Mr. Hillyer, who was recovering from recent surgery to remove an infection in his leg after breaking it badly three years ago, flew back to Ottawa this week so he could be in town for the budget. Ottawa police would only say they attended a medical call on Ottawa's pedestrian Sparks Street early Wednesday, the same street as Mr. Hillyer's office, and that no foul play is suspected.

Conservative Interim Leader Rona Ambrose choked back tears in the Commons as she recalled the "passionate" two-term MP who played both hockey and the violin and was first elected in 2011 in the southern Alberta riding of Lethbridge.

"When one talked to Jim, it was like talking to a neighbour. It was clear that he loved his life, he loved his wife, he loved his community, and he loved his job," she said.

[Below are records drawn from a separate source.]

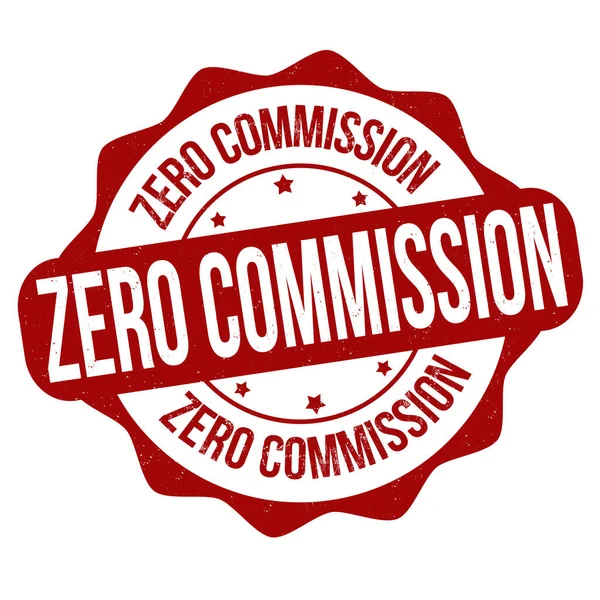 Zero Commission Grunge Rubber Stamp White Background Vector Illustration — Stock Vector
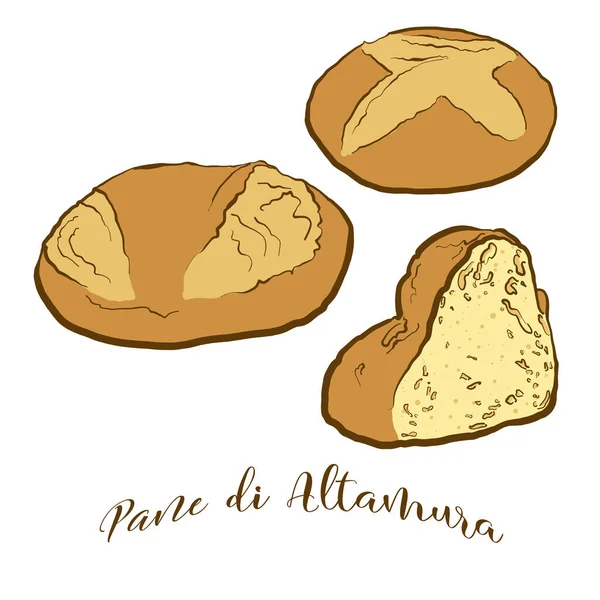 Kolorowy Rysunek Chleba Pane Altamura Wektorowa Ilustracja Liściaste Jedzenie Zwykle — Wektor stockowy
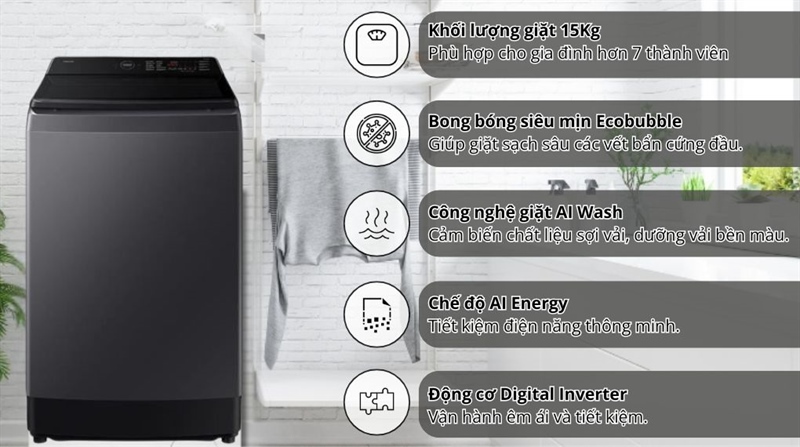 Máy giặt Samsung Inverter 15 kg WA80F15S5CSV thiết kế hiện đại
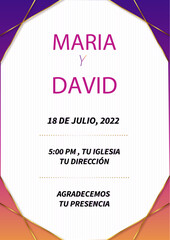 Beautiful wedding invitation card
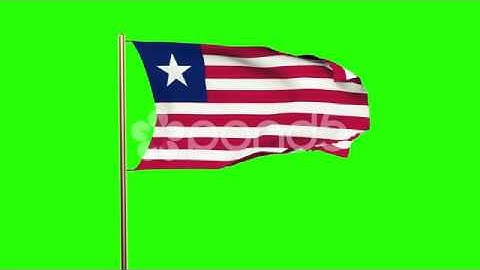 Liberia Flag Waving In The Wind. Green Screen, Alpha Matte. Loopable Animation
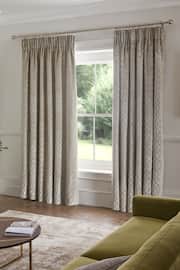 Champagne Gold Next Collection Luxe Heavyweight Maeve Damask Velvet Pencil Pleat Lined Curtains - Image 3 of 6
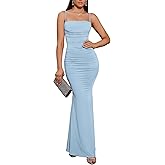 EYNMIN Women's Sleeveless Bodycon Corset Maxi Dress Spaghetti Strap Ruched Elegant Evening Wedding Guest Long Formal Dresses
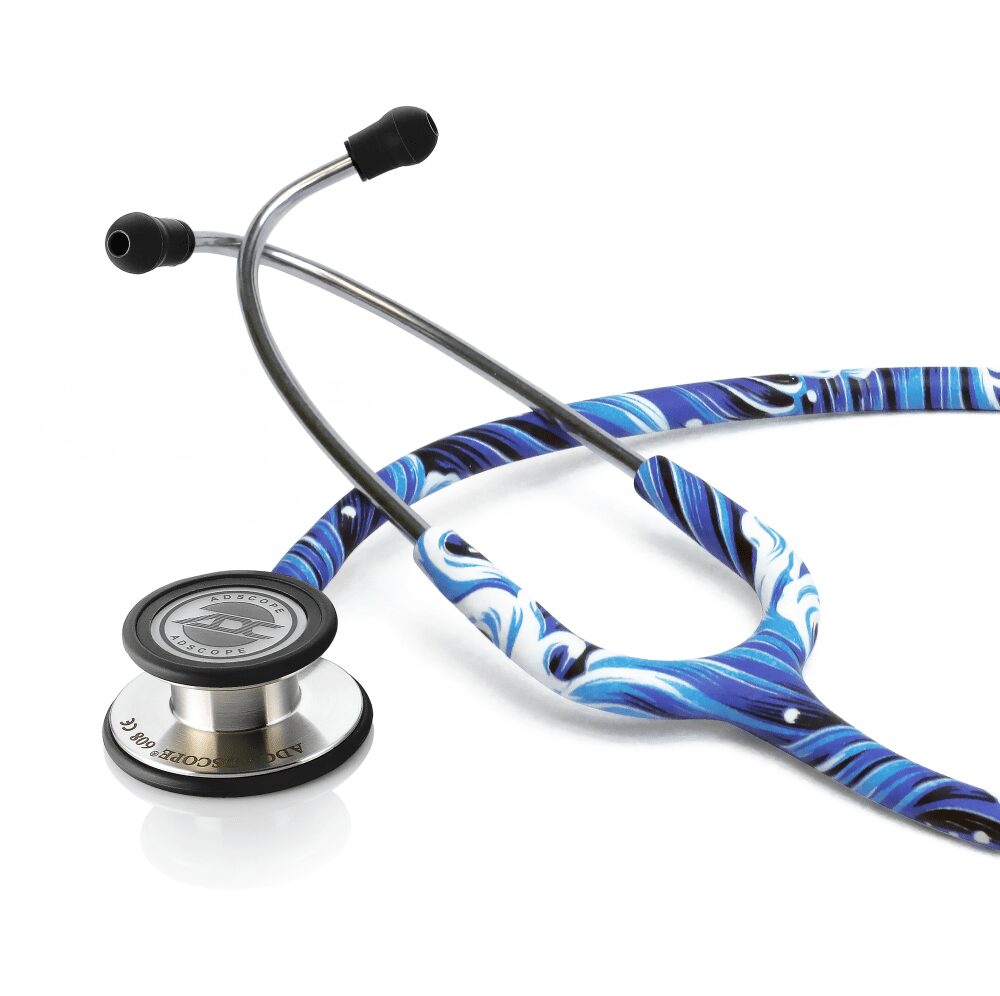 Blue patterned stethoscope on white background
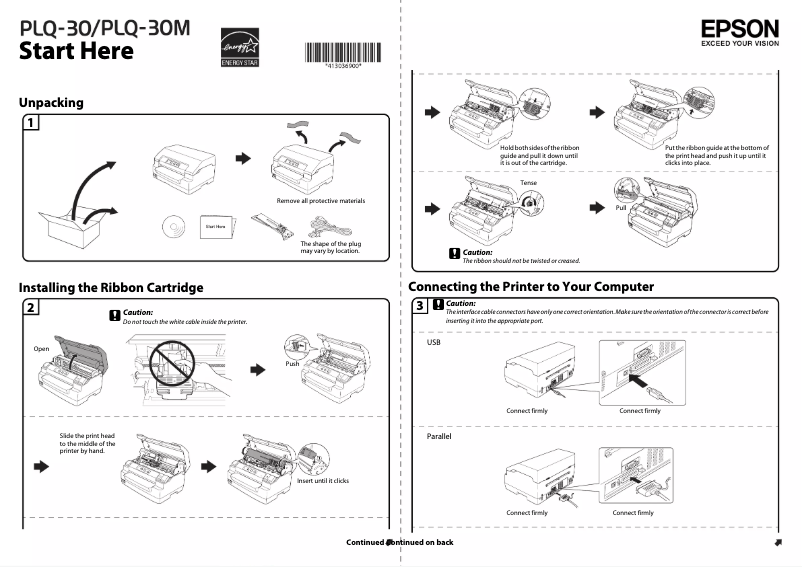 Página 1 del manual Guía de instalación Epson PLQ-30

She also recalled Mr. Hillyer's "goofy sense of humour," including a recent comment about Republican candidate Donald Trump. "Where I come from is redneck, and we're not that redneck," she quoted him saying.

"He was also a fighter," Ms. Ambrose said.

Mr. Hillyer survived both leukemia and a bone marrow transplant in 2003, and three years ago, badly broke his leg in a skiing accident. After that accident, Mr. Hillyer needed a motorized scooter to get around Parliament Hill. But he never complained, Conservative MP Erin O'Toole said.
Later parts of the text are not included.